Fino ad oggi, si è data la risposta sbagliata: “Perché il lavoro costa poco”. Dare quella giusta, “perché il sistema paese funziona”, richiede un tale cambiamento del nostro modo di fare da pensare che sia possibile solo ad un governo, come sarebbe appunto quello “dei moderati”, che goda di un’ampia maggioranza, prima nella società che in Parlamento.

Le prossime, saranno le elezioni più importanti dal 1948, si è scritto da più parti. Verissimo, ma ancora non siamo al ’48. La nostra ricostruzione non è avviata a tal punto da poterci permettere di dividerci in destra e sinistra; da questo punto di vista siamo al ‘45, se non al ’43. Piuttosto, mentre dovremmo continuare ad ispirarci al CNL, lavorando tutti assieme per uscire dal pantano in cui si siamo infilati, sarebbe opportuno riflettessimo su un altro evento chiave della nostra ricostruzione: l’accordo firmato il 27 ottobre 1946 tra CGIL e Confindustria che, garantendo ai lavoratori un aumento del 35 %, oltre al pagamento della tredicesima e a dodici giorni di ferie, contribuì sia a garantire la pace sociale che a far ripartire il nostro mercato interno.

Le nostre aziende oggi non possono permettersi nulla del genere, pena chiudere i battenti.
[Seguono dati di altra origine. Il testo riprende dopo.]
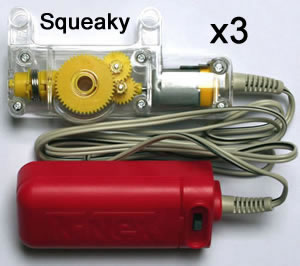 Pack 3 K'NEX Battery Motor Red long lead (Squeaky)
Verissimo. Che si debbano trovare i denari per abbattere le tasse pagate dal lavoro è altrettanto vero. Con la lotta all’evasione fiscale, (ma quella va prima fatta e solo poi contabilizzata) come pure con una drastica limitazione delle retribuzioni più alte di dirigenti ed amministratori di aziende ed enti pubblici. Soprattutto con un taglio netto ai costi della politica. Ma così si potrebbe recuperare solo qualche miliardo? Non abbastanza, certo, dal punto di vista economico; tutto quel che serve, dal punto di vista morale, per riguadagnare agli occhi del paese quella credibilità, quell’ autoritas, che la nostra politica ha perduto.